GOAL OF THE EXERCISE - These records contain pictures, which must be left out; copy exactly the lines from the one with "Image: Jabin Naz, 48, left, and" up to and including the one with "uma prateleira de".
────────────────────
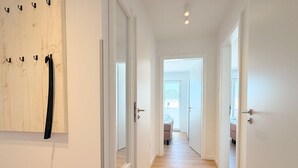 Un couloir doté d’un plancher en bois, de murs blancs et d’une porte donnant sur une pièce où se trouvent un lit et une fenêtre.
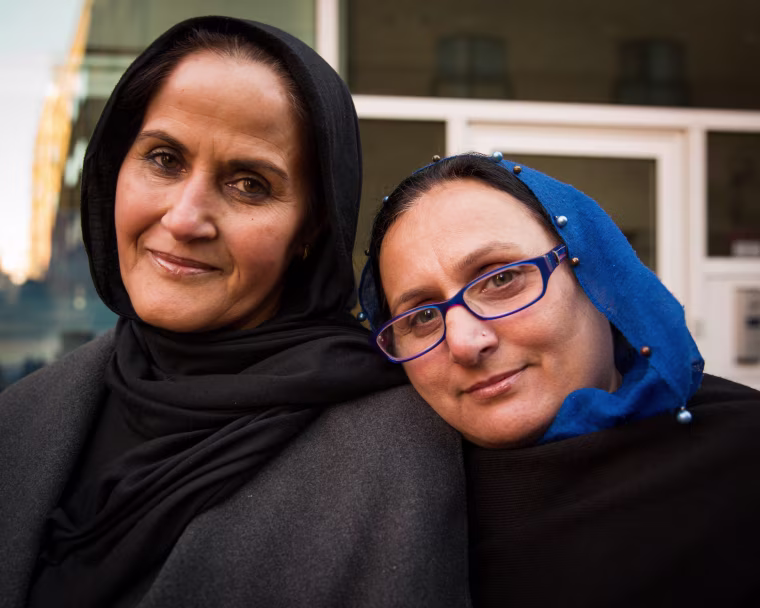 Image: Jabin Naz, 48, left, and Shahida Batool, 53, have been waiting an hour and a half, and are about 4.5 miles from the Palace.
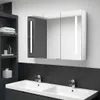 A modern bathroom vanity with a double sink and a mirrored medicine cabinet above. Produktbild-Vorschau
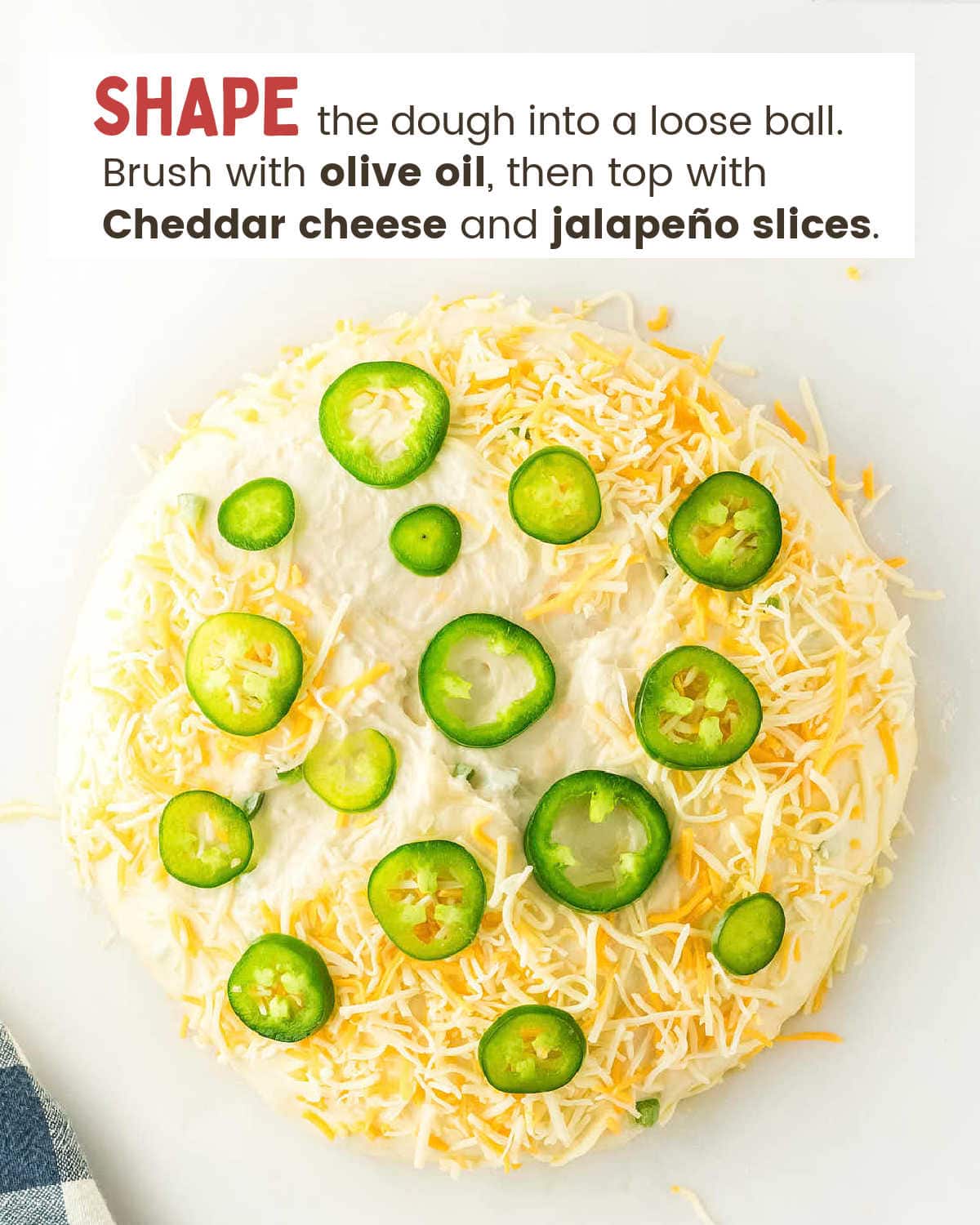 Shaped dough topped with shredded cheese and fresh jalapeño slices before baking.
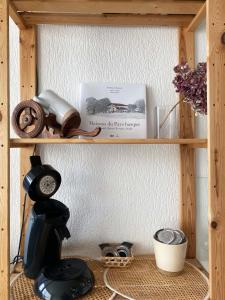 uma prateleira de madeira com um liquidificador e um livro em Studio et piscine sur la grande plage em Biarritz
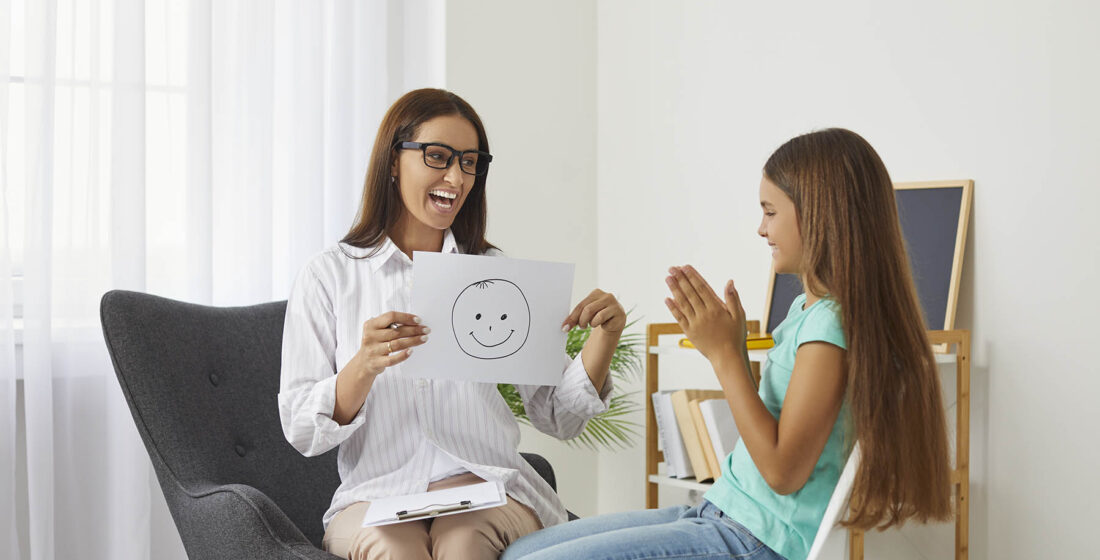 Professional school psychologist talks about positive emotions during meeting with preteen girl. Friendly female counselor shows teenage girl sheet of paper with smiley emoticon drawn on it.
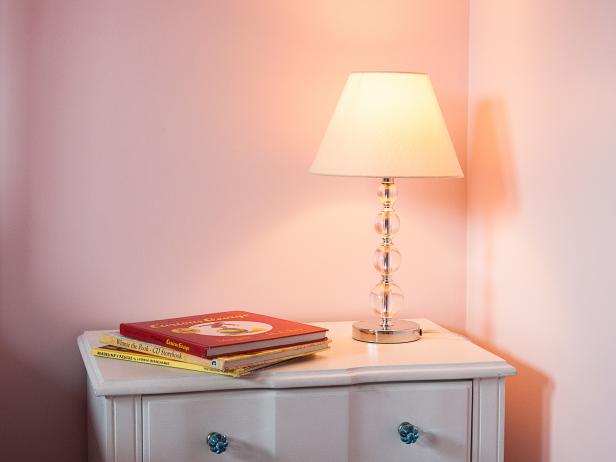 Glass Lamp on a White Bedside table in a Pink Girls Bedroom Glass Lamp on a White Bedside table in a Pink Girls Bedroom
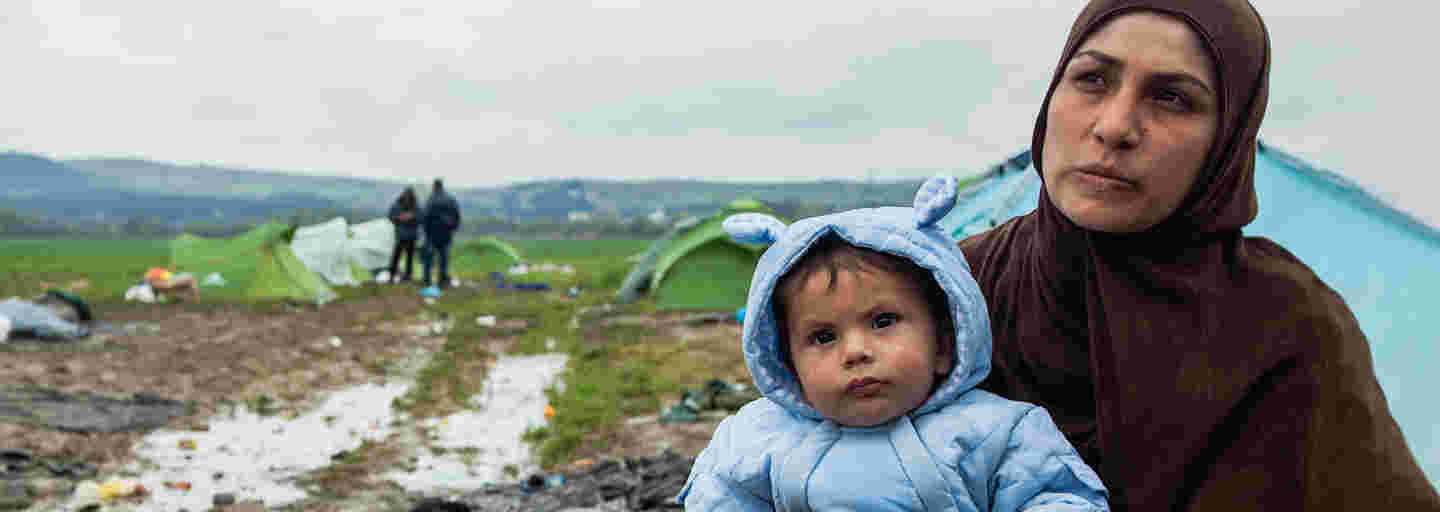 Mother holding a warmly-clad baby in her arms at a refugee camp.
────────────────────
RESPONSE TO THE TASK -
 Image: Jabin Naz, 48, left, and Shahida Batool, 53, have been waiting an hour and a half, and are about 4.5 miles from the Palace.
 A modern bathroom vanity with a double sink and a mirrored medicine cabinet above. Produktbild-Vorschau
 Shaped dough topped with shredded cheese and fresh jalapeño slices before baking.
 uma prateleira de madeira com um liquidificador e um livro em Studio et piscine sur la grande plage em Biarritz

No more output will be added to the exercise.